═════ Source material ═════

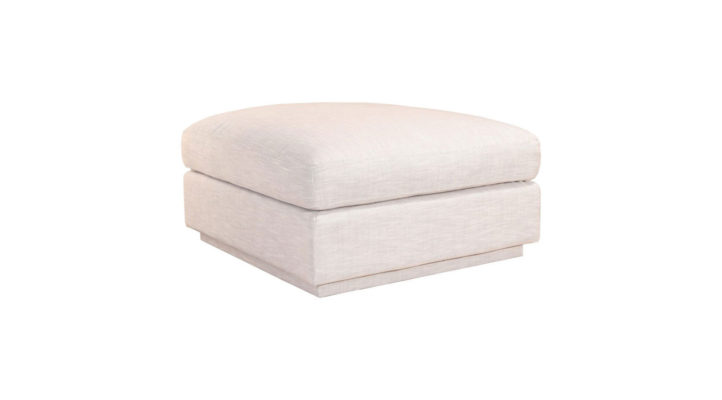 Justin Ottoman Taupe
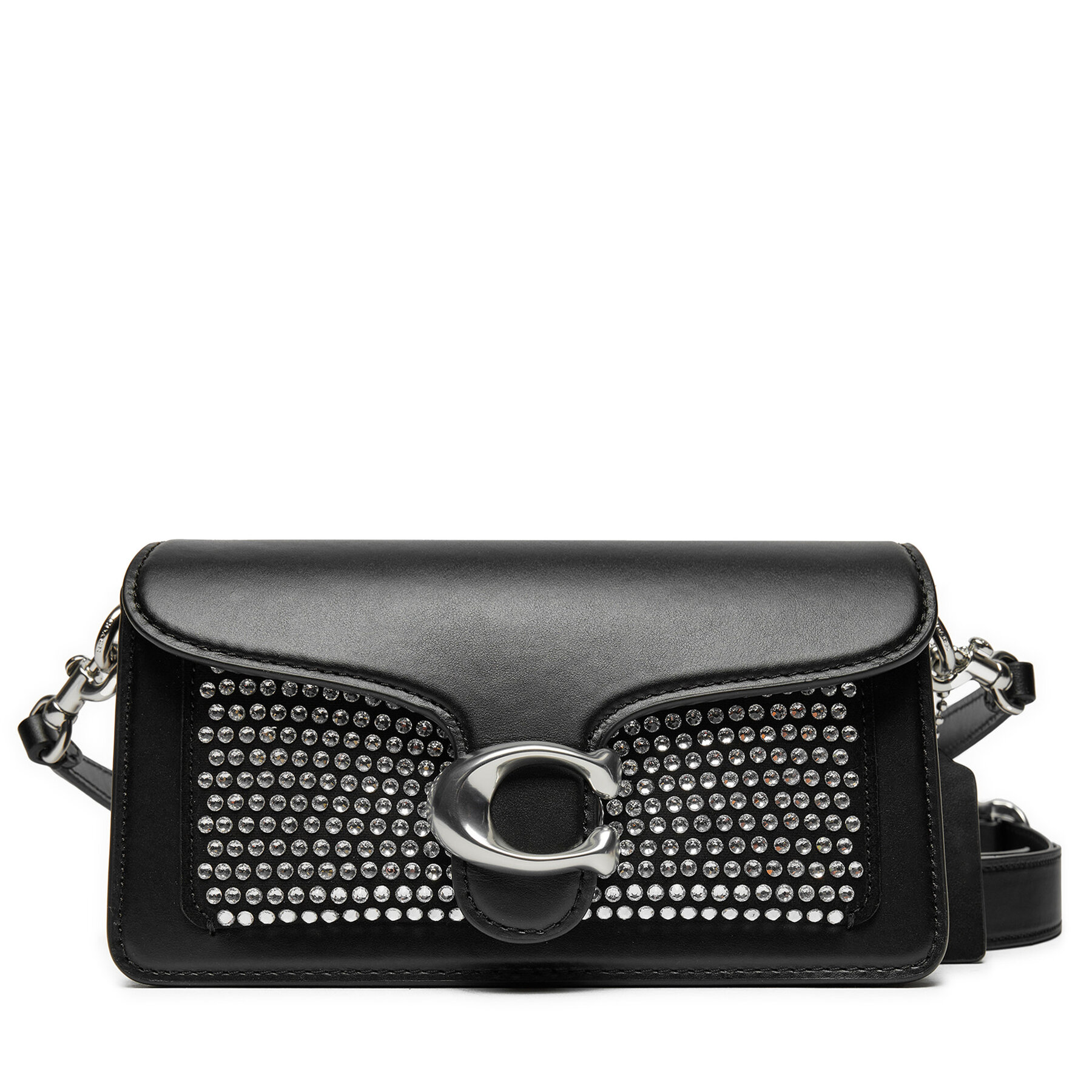 Handtasche Coach CX216 Schwarz Handtasche Coach CX216 Schwarz von Coach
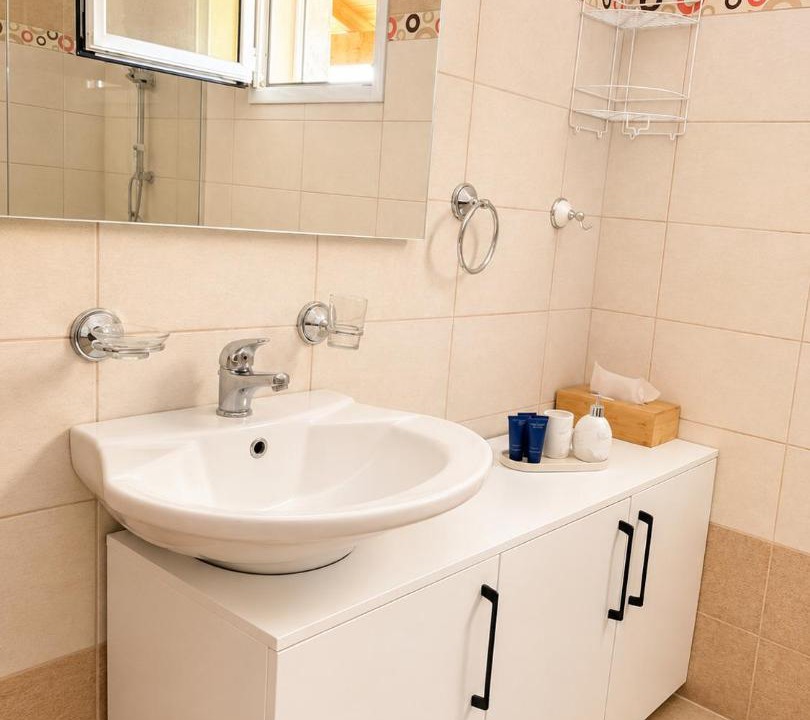 Photo of Bathroom in Albanian Riviera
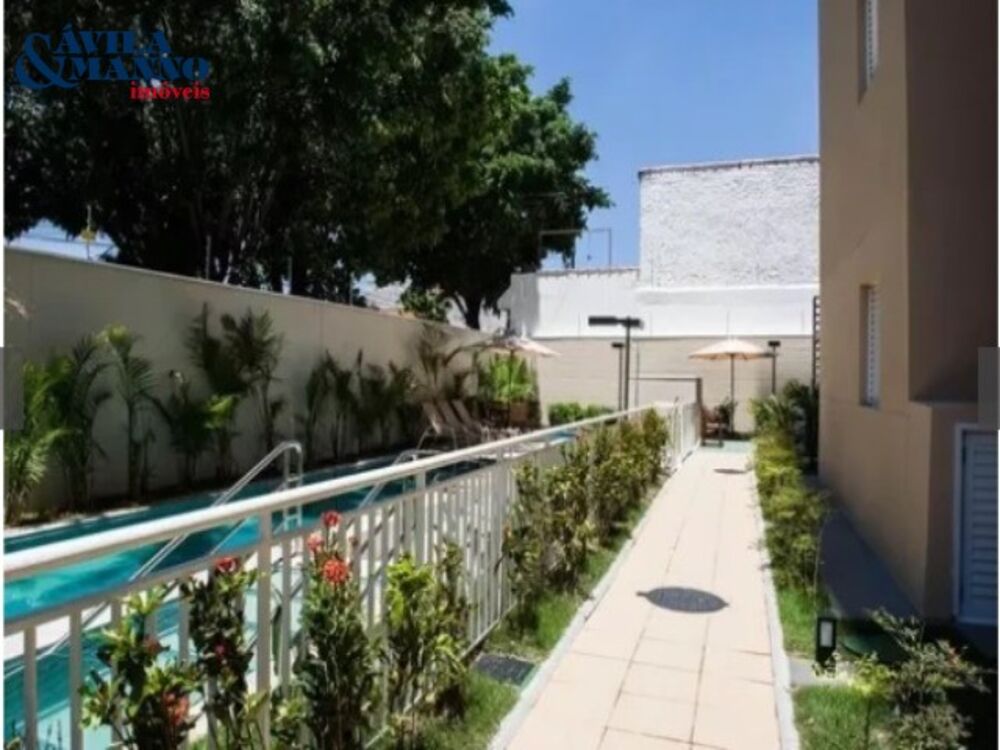 Apartamento, 3 quartos, 69 m² - Foto 1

═════

What you are asked to do -> Please return, exactly and with pictures omitted, the lines from the line holding "Handtasche Coach CX216 Schwarz Handtasche" through the end of the data above, inclusive.

Completed exercise ->
 Handtasche Coach CX216 Schwarz Handtasche Coach CX216 Schwarz von Coach
 Photo of Bathroom in Albanian Riviera
 Apartamento, 3 quartos, 69 m² - Foto 1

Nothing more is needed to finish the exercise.